Some states, such as California, have wiped the word “alimony” from their legislative codes, but that doesn’t mean the concept doesn’t still exist; the name is just different. Also called spousal support or spousal maintenance, in most states you have a right to it if your husband’s income is significantly more than yours or if you need time to get back on your feet after the divorce. Women in long-term marriages are more likely to receive support than those in marriages that last only a few years. Rehabilitative support is most common, ordered for a limited period of time so you can go back to school or otherwise acquire job skills to improve your income. You can ask for support as soon as one of you files for divorce; this is “pendente lite” alimony, intended to last while your divorce is pending, until a judge enters a final order.
If you and your husband purchased a home while you were married, you usually have a right to a portion of its equity, even if you didn’t contribute to mortgage payments. Exceptions might exist if your husband made the down payment with inherited or premarital funds. If you have children and you’re the custodial parent, you can ask the court to award you possession of the home while your divorce is pending. Courts are most likely to order sole possession to avoid uprooting your children by making them move elsewhere -- and if your husband’s presence in the home is causing a hardship. It doesn’t mean you’ll get the entire home when your divorce is final, however. If the home is solely in your husband’s name, you can ask the court to block him from selling it until a judge can decide your share in it.
Even if your husband never made cash contributions to his pension benefits during your marriage, you are usually still entitled to a portion of what accrued between the date of your wedding and the time you break up. Pensions and retirement benefits are marital property, just like your home and other investments. Calculating your share can be a complex equation and is best left to experts, but you do have a right to a percentage of their value.
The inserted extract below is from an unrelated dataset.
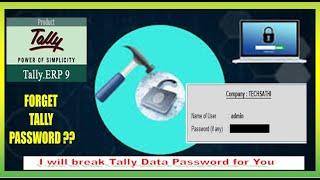 FORGET TALLY PASSWORD || HOW TO CRACK TALLY DATA PASSWORD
Most states will not allow you to suffer a disadvantage in divorce proceedings because your husband is able to afford a top attorney and you have no money to retain one of your own. Some jurisdictions will set aside a portion of marital property for liquidation so you can pay a lawyer. Others may order your husband to pay your legal fees as well as his own, if his income is significantly more than yours. When you consult with an attorney, ask about your state’s provisions for such situations.